For neck bolt locations, make sure the wall is plenty thick enough so the wood does not break or flex when the string is pulling. Here I have more than 6mm of material between any hole and the edge.
A small cutout, created with reference to the slot on the back of the fretboard, is used for routing the optic fibers out of the neck. Two shallow 1/4 inch drill points are marked (and mirrored on the fretboard) so that dowel pins can be used to invisibly align the neck and fretboard when gluing.
The corresponding clearance holes on the body are created. Cavities for neck mounting ferrules are created.
The cutout for the jack mounting cutout (triangle looking thing near the bottom left corner) is created for mounting a long threaded jack.

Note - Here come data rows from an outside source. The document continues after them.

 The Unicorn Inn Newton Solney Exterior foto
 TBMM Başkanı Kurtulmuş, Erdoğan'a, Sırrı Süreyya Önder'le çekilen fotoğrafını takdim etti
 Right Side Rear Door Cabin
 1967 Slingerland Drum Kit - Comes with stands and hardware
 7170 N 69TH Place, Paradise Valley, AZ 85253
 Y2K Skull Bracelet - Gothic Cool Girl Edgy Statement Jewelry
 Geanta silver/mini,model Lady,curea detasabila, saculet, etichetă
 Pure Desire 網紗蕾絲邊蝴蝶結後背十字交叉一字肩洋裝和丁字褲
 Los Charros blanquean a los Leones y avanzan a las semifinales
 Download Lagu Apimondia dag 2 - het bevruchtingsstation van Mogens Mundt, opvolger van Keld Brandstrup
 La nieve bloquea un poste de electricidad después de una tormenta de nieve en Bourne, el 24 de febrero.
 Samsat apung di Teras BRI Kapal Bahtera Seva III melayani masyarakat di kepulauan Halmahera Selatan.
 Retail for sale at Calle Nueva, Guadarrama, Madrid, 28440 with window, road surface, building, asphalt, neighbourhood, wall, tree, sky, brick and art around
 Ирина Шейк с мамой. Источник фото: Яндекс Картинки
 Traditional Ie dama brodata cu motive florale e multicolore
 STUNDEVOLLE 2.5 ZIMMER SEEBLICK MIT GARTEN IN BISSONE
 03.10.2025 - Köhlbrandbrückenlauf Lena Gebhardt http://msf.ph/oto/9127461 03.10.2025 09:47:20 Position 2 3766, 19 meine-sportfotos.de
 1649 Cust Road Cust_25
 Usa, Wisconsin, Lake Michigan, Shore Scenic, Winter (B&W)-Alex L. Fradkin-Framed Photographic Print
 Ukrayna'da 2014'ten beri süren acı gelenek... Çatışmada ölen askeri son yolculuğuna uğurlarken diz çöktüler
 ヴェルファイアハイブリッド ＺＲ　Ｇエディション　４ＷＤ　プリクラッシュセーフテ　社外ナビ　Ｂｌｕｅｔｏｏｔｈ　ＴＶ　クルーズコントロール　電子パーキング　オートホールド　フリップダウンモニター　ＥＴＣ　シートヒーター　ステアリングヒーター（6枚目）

Again keep in mind that walls should be fairly thick (5-6mm) to prevent the wood from cracking when routed.
Step 8: Prepping the Lumber
Now comes the time to go pick out wood and prep it for the CNC! Unfortunately I seem to have lost the photos of this process :(
Guitar wood - especially for structurally important parts like the neck - should be free from defects such as large knots and worm holes. The body wood should be 2" thick to start as lots of planing will need to happen for a square stock. Don't be afraid to use multiple smaller pieces of wood and glue them together, although professionals say that fewer pieces sound better! The neck wood should be at least 1" thick - I try for 1.5" just for safety. Note that the neck certainly needs to be quite straight. The fretboard generally starts as a 1" thick pieces which is resawn to two 1/2" thick pieces. (In cold cold Canada wood is sold in inches...sorry for the confusion eh)
A lot of the time spent on a CNC is setup and tool changes. I tried to minimize this by running as many operations as I could in a single run. I started by preparing the body/neck wood by:
1. Using a joiner to square up two faces of the raw lumber
2. On a planer, square up all edges (make sure there is extra material for final planing after gluing!)
3. Glue together all pieces of laminate
4. Joint and plane again to final thickness
The fretboard wood is squared on one face, resawn, and then planed to squareness and thickness as stated. A table saw is then used to create a square edge to use as a reference for sawing slots and CNC.
Step 9: Cutting Fret Slots
Before the CNC work begins, I slot the frets manually. While fret slots CAN be done on a CNC. the degree of accuracy is unnecessary and sometimes impossible as an extremely small bit is required.
A to-scale (or as close as possible) printout of my fretboard is glued to the fretboard blank. The centerline should be parallel with the squared edge of the fretboard from the previous step. This is very important for aligning this fretboard to the axis of the CNC. The X's mark known locations (origin, 1 inch, 20 inch?) along the axis for positioning and dowel holes for flipping the part.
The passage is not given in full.